Les deux parties doivent, en principe, parvenir à un accord-cadre
le 13 mai et, le 13 septembre, à un règlement de paix définitif.
En plus de leur désaccord sur Jérusalem et les réfugiés
palestiniens, les deux parties ne parviennent pas à s’entendre sur
le statut des colonies de peuplement et les frontières du futur
Etat palestinien.
Tout indique que Palestiniens et Israéliens continueront à
tourner en rond, sans aplanir les obstacles qui empêchent l’instauration
de la paix, laquelle paraît, aujourd’hui, aussi insaisissable qu’un
mirage dans le désert...
CHAREH MET PARIS EN GARDE CONTRE LES MACHINATIONS
D’ISRAËL
En quittant le palais de l’Elysée, mercredi, au terme d’un long entretien avec le président Jacques Chirac, M. Farouk Chareh a mis la France en garde contre les machinations d’Israël et l’envoi d’un contingent devant faire partie de la force multinationale à déployer le long de la frontière libano-israélienne.
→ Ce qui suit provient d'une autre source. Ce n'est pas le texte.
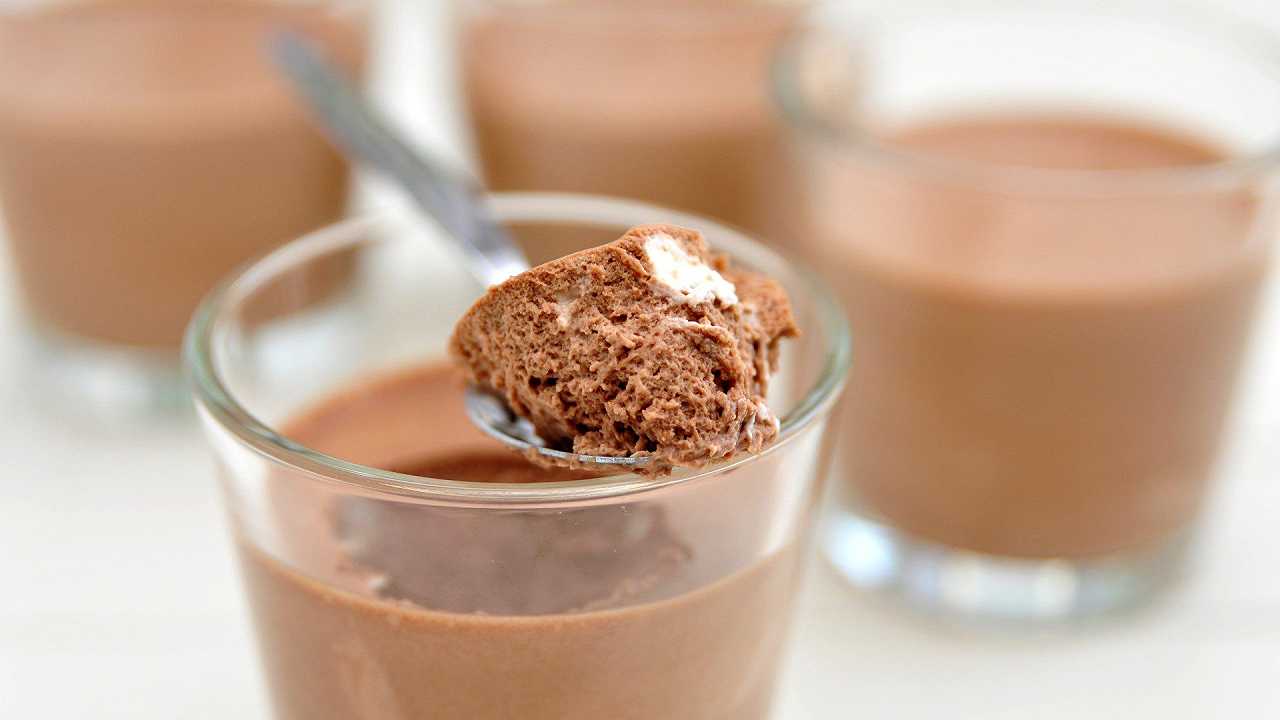 Mousse al cioccolato, la ricetta di un dessert veloce e sottovalutato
Le chef de la diplomatie syrienne a accusé l’Etat hébreu
d’avoir adressé à M. Kofi Annan, secrétaire général
des Nations Unies, pour l’informer de sa décision de retirer ses
forces de la zone frontalière, deux copies d’une lettre aux termes
différents: la première faisait état “d’un retrait
inconditionnel jusqu’à la frontière internationalement reconnue”,
alors que la seconde ne faisait pas mention de ce point précis.